Restate the data exactly, with nothing altered.

* THE DATA
----

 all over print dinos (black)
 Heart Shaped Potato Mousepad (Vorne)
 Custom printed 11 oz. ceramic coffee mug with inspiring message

----

* ANSWER SPACE
 all over print dinos (black)
 Heart Shaped Potato Mousepad (Vorne)
 Custom printed 11 oz. ceramic coffee mug with inspiring message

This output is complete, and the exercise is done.